Implementation details
The diffusion model was trained on a computer with a Windows 10 operating system. The computer had 64GB of RAM and used an NVIDIA 3090 graphics card with 24 GB of memory. The training software used was PyTorch, with each image undergoing 100 iterations. The image preprocessing method involved the computer resizing the input images proportionally to a maximum resolution of 512 pixels on the longer side. Data augmentation was performed using horizontal flipping. The model’s learning rate was set to 0.000001, and the batch size was set to 24. Xformers and FP16 were utilized for accelerated computations. The total training time for fine-tuning the diffusion model was 20 hours.
ADSSFID-49 dataset
This research aimed to generate a large quantity of aesthetically pleasing and specified decoration-style interior designs using text. Due to the lack of interior datasets with aesthetic scores, this study created the aesthetic decoration style and spatial function interior dataset (ADSSFID-49). Expert interior designers curated this dataset from reputable websites such as “3d6646,” “om47,” and “znzmo48.” Initially, the designers procured over 40,000 free, high-quality images from these sources. Subsequently, they meticulously evaluated each image, excluding those displaying incongruent decoration styles or unclear details. A stringent selection process was followed, and more than 20,000 images aligned with the established criteria. Furthermore, designers manually annotated the decoration styles and spatial functionalities depicted in these images. Ultimately, employing an open-source aesthetic evaluation mode49, aesthetic scores were assigned to each image, culminating in the formation of ADSSFID-49.
We employed a state-of-the-art aesthetic scoring model49 for the automated aesthetic annotation of interior design images. This model, proposed in 2023, was trained on a dataset of 137,000 images with aesthetic scores. The authors of this method indicate that their proposed model outperforms other mainstream models in terms of aesthetic score prediction49. We utilized this model to automatically annotate the aesthetic scores of each image in the ADSSFID-49 dataset. To make the diffusion model easier to train, we normalized all scores using a mapping that adheres to a normal distribution, resulting in integer scores between 1 and 10. The distribution of aesthetic scores for the processed ADSSFID-49 images can be seen in Fig. 5.
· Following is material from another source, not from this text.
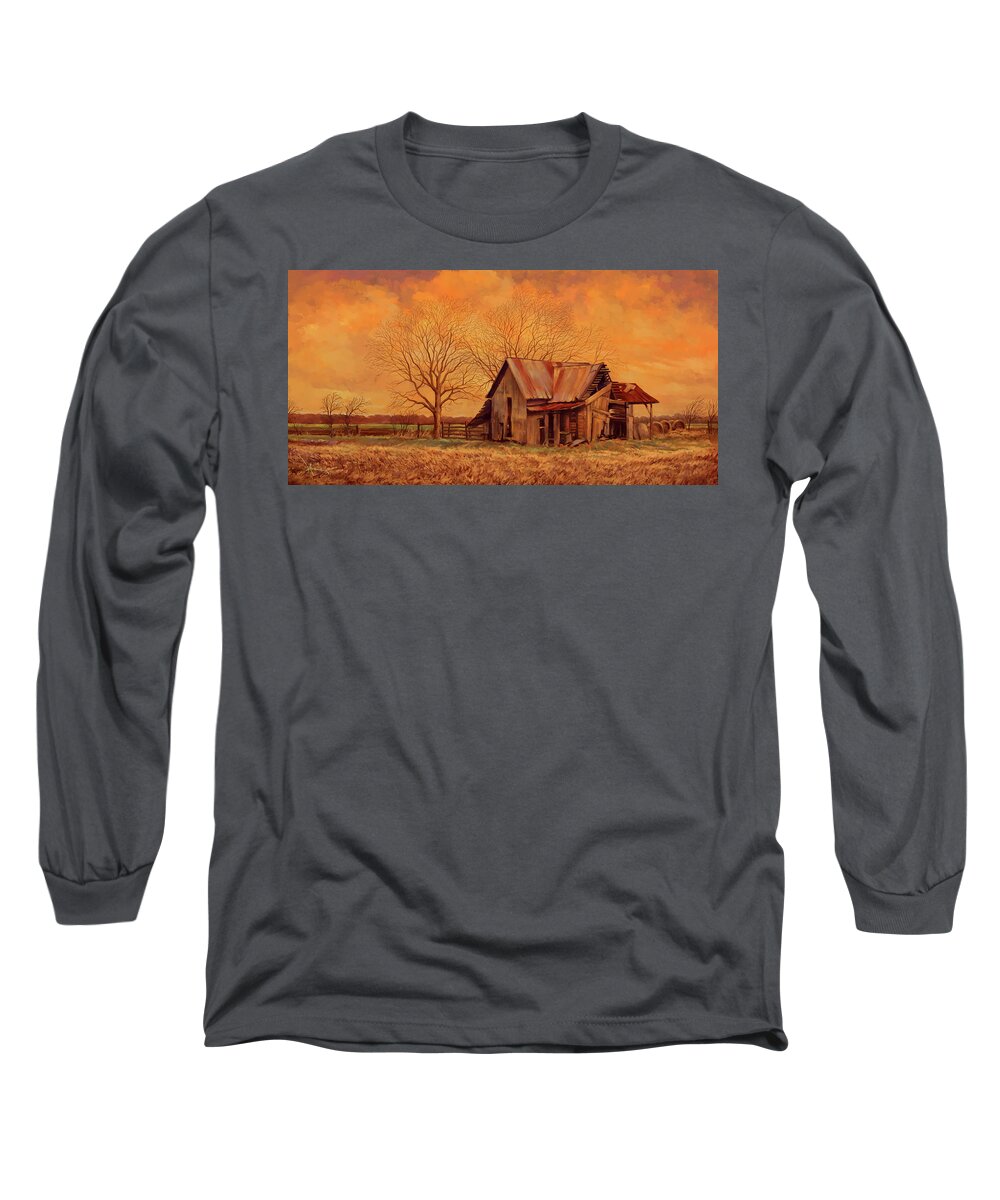 Farmland Long Sleeve T-Shirt featuring the painting Where Grandpa Once Played by Hans Neuhart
We enlisted the expertise of professional designers to manually annotate the decoration styles and spatial functions of the ADSSFID-49 dataset. The decoration style annotations encompass seven categories: “Contemporary style”, “Chinese style”, “Nordic style”, “Japanese style”, “European style”, “Industrial style”, and “American style”. The spatial function annotations also consist of seven categories: “Children’s room”, “Study room”, “Bedroom”, “Bathroom”, “Living room”, “Dining room”, and “Kitchen”. The distribution of the different categories of images is shown in Table 1.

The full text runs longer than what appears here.